Aim of the exercise = Exactly the lines from the start of the data below through the line containing "Парабола Парабола обладает" must be returned, and no others.
━━━━━━━━━━━━━━━━━━━━
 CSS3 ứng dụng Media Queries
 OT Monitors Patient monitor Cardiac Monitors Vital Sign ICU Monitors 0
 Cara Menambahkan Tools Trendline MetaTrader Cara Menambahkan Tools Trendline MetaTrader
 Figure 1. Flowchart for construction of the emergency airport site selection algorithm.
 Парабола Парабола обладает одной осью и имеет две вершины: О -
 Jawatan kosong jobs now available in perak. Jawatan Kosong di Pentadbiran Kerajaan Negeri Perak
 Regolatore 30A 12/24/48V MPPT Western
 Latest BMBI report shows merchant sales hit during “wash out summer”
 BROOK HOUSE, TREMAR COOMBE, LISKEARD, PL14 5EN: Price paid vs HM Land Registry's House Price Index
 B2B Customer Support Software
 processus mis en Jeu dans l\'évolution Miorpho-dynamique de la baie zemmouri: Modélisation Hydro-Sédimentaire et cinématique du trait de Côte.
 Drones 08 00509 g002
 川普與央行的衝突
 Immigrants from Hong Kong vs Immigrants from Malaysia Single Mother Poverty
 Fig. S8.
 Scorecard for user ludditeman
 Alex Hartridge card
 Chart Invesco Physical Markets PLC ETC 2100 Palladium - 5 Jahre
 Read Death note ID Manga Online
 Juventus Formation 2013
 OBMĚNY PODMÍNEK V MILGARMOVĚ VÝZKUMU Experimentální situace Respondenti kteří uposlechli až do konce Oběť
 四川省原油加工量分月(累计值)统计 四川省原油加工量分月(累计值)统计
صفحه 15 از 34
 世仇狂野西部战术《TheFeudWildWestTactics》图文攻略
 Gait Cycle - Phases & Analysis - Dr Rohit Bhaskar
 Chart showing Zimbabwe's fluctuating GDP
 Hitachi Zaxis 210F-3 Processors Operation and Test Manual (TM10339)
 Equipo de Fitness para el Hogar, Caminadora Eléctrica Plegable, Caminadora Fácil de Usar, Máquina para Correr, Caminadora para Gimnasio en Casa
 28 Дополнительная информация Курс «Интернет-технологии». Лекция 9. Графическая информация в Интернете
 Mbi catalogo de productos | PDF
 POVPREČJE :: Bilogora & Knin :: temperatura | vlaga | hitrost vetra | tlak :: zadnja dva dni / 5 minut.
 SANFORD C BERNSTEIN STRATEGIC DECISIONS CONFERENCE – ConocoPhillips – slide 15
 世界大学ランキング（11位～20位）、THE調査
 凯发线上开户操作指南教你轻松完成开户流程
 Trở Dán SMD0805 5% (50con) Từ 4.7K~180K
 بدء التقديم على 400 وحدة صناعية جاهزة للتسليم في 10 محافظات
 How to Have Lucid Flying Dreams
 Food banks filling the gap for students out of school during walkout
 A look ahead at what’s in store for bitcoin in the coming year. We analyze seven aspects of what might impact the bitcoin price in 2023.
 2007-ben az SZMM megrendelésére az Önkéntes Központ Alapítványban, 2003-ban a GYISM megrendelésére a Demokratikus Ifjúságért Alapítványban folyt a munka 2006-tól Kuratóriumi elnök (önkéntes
━━━━━━━━━━━━━━━━━━━━
Exercise solution =
 CSS3 ứng dụng Media Queries
 OT Monitors Patient monitor Cardiac Monitors Vital Sign ICU Monitors 0
 Cara Menambahkan Tools Trendline MetaTrader Cara Menambahkan Tools Trendline MetaTrader
 Figure 1. Flowchart for construction of the emergency airport site selection algorithm.
 Парабола Парабола обладает одной осью и имеет две вершины: О -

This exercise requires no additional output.